* [Provided material]:

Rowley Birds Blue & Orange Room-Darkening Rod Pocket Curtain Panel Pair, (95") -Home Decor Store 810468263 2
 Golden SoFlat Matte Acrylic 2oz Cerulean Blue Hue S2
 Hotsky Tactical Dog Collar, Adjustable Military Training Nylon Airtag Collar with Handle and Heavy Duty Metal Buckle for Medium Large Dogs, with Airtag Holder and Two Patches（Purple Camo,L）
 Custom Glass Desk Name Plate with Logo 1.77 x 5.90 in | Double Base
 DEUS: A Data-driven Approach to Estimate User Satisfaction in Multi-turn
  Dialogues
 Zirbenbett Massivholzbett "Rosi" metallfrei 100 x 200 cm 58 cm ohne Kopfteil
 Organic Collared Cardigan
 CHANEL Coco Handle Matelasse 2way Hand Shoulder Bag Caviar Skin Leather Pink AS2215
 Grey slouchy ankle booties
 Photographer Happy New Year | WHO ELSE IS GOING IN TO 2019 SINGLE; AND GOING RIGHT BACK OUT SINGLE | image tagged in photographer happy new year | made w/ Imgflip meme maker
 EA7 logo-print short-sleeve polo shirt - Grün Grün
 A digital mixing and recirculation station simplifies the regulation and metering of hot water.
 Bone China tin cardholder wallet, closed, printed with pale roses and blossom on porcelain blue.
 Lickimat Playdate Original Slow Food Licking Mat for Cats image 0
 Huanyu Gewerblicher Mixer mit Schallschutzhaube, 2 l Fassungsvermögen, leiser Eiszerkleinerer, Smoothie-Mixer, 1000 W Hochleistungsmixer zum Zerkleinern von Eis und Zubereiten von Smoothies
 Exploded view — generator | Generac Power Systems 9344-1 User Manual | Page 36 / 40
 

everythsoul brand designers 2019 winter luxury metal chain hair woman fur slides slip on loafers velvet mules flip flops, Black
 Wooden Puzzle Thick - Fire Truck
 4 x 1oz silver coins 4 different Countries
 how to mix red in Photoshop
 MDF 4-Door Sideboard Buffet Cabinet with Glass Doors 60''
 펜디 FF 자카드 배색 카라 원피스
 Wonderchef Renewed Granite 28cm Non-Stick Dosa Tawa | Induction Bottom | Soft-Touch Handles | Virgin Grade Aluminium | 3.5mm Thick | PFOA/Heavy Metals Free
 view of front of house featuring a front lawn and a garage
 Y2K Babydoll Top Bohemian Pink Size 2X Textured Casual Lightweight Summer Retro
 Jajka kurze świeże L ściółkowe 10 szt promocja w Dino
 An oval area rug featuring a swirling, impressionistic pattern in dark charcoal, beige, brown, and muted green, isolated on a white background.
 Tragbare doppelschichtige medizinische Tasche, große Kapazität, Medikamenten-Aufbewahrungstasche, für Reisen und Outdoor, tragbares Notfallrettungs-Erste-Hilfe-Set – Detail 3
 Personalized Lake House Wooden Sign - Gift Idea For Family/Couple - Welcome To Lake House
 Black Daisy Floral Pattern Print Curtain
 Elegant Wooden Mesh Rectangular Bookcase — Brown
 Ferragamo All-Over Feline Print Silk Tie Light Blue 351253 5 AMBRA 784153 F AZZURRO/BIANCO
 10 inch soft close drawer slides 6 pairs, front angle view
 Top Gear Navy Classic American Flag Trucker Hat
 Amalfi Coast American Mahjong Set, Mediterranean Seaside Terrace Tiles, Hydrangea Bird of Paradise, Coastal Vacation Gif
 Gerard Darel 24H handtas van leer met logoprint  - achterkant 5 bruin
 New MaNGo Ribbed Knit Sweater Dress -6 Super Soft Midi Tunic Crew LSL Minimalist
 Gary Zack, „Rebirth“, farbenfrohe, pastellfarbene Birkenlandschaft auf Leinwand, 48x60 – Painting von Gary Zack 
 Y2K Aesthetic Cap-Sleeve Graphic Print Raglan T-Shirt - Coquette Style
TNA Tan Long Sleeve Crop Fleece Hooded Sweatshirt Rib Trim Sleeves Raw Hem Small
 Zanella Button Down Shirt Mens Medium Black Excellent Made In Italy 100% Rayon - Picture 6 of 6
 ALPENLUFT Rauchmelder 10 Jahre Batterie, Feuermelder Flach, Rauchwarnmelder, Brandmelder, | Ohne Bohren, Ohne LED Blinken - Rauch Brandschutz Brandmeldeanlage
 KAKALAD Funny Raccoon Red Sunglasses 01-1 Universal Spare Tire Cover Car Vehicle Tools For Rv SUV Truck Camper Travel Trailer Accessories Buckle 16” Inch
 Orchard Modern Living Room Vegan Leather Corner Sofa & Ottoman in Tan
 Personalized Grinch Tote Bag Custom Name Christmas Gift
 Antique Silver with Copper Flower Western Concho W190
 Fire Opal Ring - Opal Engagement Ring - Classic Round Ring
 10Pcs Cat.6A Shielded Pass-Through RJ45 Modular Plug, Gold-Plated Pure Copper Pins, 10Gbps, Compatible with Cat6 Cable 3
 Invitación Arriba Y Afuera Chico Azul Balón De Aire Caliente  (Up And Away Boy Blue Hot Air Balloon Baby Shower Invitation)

* [Instructions to follow]: Starting with the line that holds "TNA Tan Long" and ending with the line that holds "Zanella Button Down", retype every line in the data above exactly, and nothing else.

* [Answer to the problem]:
TNA Tan Long Sleeve Crop Fleece Hooded Sweatshirt Rib Trim Sleeves Raw Hem Small
 Zanella Button Down Shirt Mens Medium Black Excellent Made In Italy 100% Rayon - Picture 6 of 6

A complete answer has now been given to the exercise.